Editing Expectations

After you have developed and stored your expectations, you need to make sure these stay up to date. Business requirements change all the time, Data Quality is a continuous process, rather than a one-time project.

Think of this process as if you're using a command-line - you write some code that edits expectations and save them to the store.

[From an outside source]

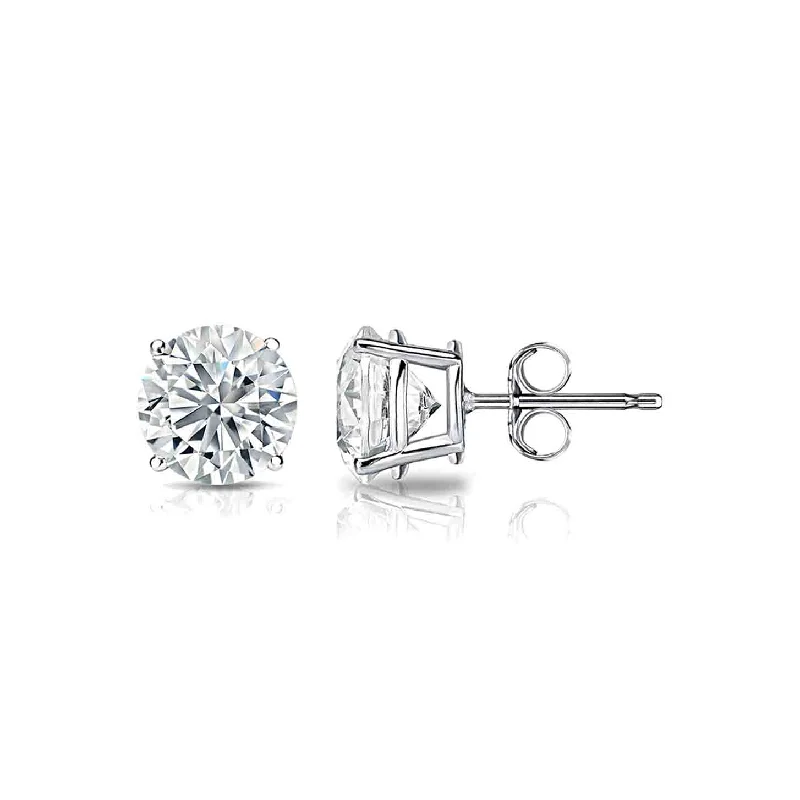 14K White Gold 1.00ct. Center Stone Diamond Stud Earrings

You only run this code once and then you can throw it away.

First, you need to run the Configuration Notebook

%run ./path/to/conf_notebook
After that, there is a dq_tool variable available to work with the DQ Tool.

First, list expectations that are defined for a given table.

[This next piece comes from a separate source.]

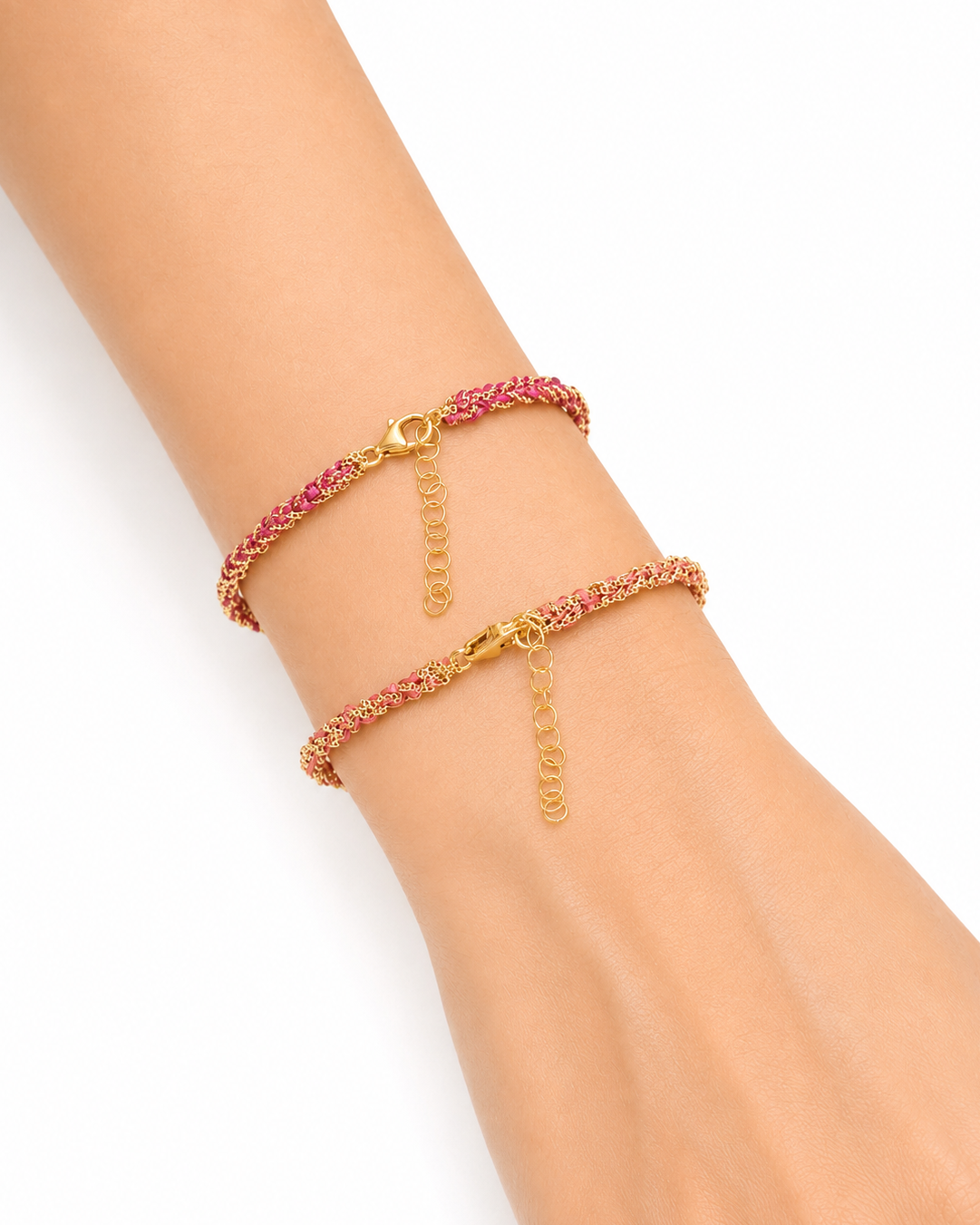 Bracciale morbido in Argento placcato oro giallo 18kt fatto a mano con seta Rosa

my_table = 'my_db.customers'
database_name: my_db
table_name: customers
suite_key: default
- 1: expect_table_row_count_to_be_between(min_value=9500, max_value=11000)
  - 2: expect_column_values_to_not_be_null(column='symbol', mostly=0.99)
  - 3: expect_column_value_lengths_to_be_between(column='symbol', max_value=3, min_value=1)
Each expectation has its expectation_id a number that is unique for a given table (and suite key). You can get an expectation by this number:
line_count = dq_tool.expectation_store.get(table_name=my_table_name, expectation_id=1)
expect_table_row_count_to_be_between(min_value=9500, max_value=11000)
Let's say you acquired some more customers and need to update the expectation.
line_count.kwargs['min_value'] = 10500
line_count.kwargs['max_value'] = 12000
Then you can run this expectation using a playground object:
playground = dq_tool.get_playground(table_name=my_table)
When you're satisfied with the new definition, you can save it to the store.
line_count.agreement = 'The customer count in a dataset exported to the marketing tool should be between 10500 and 12000.'
Now your updated expectations are used in data validations. You don't need to make any changes to the validation notebook(s)

You can also delete an expectation from the store by its id:

dq_tool.expectation_store.remove(table_name=table_name, expectation_id=3)